This Is an Outrage, Junk Market Says. Everyone Buys AnywayBy and
Old rule of thumb shows investors aren’t getting paid for risk
Other offerings make the grade but chip away at protections
Bond buyers have a rule of thumb that says be wary when the coupon on a new debt sale slips below the issuer’s leverage. It’s an indicator that investors aren’t being paid enough for the risk they’re taking on.
This adage is being tested anew amid a bubble-like market, as issuers wear down buyers with deals that they’d spurn in almost any other era. One recent example is July’s $500 million sale from HD Supply Waterworks. The water and wastewater company priced the debt beneath its 6.3 level of leverage, which measures debt as a multiple of earnings.
Not only did the sale go through, but demand allowed HD Supply to boost it from $475 million and pay even less interest than initially asked, finishing at 6.125 percent.
It’s another sign of exuberance in high-yield markets that has veterans like Oaktree Capital Group LLC co-chairman Howard Marks sounding the alarm. Investors are “at it again,” Marks said, funding risky deals and driving valuations so high that prospective returns in most asset classes are “just about the lowest they’ve ever been.” Junk-debt investors are getting only 3.49 percentage points of extra compensation compared with risk-free government debt, close to a post-crisis low. Other deals have softened language that protects creditors’ rights.
“The pendulum has been swinging back toward the issuer when it comes to negotiating ultimate terms,” said Michael McEachern, head of public markets at Muzinich & Co., which oversees about $30 billion. “When there’s a new issue with any kind of yield, usually more than 6 percent, it is generally going to do well.”
The erosion was exemplified in a deal from AssuredPartners Inc., the insurance brokerage that came to market with $450 million of bonds last week. It was immediately confronted by the ubiquitous troublemaker for aggressive corporate issuers, Covenant Review, which flagged language in the credit agreement being shopped around.
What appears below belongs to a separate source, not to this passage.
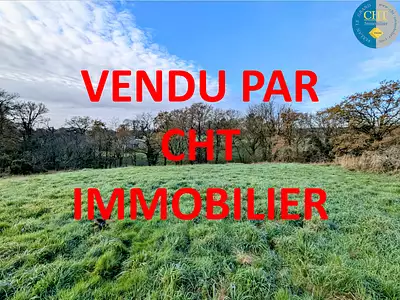 Terrain, 1 015 m²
The preliminary terms of the bonds were already “wildly off market," Covenant Review said, and created a loophole that decreases the likelihood bondholders would get expected payments should the company be sold.
That didn’t seem to matter. AssuredPartners received about $3 billion in orders for the bonds, allowing it to not only keep those provisions but also to boost the size of the sale to $500 million, according to people with knowledge of the transaction. That’s for bonds rated Caa2 -- a ranking that denotes very high credit risk. A representative for Apax Partners, which owns AssuredPartners, declined to comment.
“You’re seeing sponsors being very aggressive,” said Valerie Potenza, New York-based head of high-yield research at Xtract Research LLC, which analyzes debt deals. “They are testing the water to see where the line is.”
Even when investors have been able to win concessions, they lose elsewhere. Vivint Inc., the home-security company owned by Blackstone Group LP, tested the limits by trying to take a hatchet to customary payouts that bondholders would get if the private-equity giant sold its stake. While that provision was taken out, the bond sale went through and investors accepted a lower coupon than was initially discussed.
Representatives for HD Supply Waterworks and Clayton, Dubilier & Rice LLC, the private equity firm planning to buy it, didn’t respond to messages. Vivint and Blackstone didn’t have an immediate comment.
A credit-default swaps index that serves as a gauge of apprehension in credit markets slid to a three-year low last month. The index typically falls when perception of credit risk decreases and rises when sentiment deteriorates.
Amid the current effervescence, some investors are questioning whether they want to be the very-top performer, given the extra risk they’d have to take. The $630 million Diamond Hill corporate credit fund is beating 99 percent of its peer group for three years, according to performance data compiled by Bloomberg, but portfolio manager John McClain is more than happy to give up the front-of-the-class mantle right now.
“If you had a great 2007, that turned out to be something to be ashamed of," McClain said. "Fear of missing out in a strong market is pretty dangerous. A lot of that is going on now.”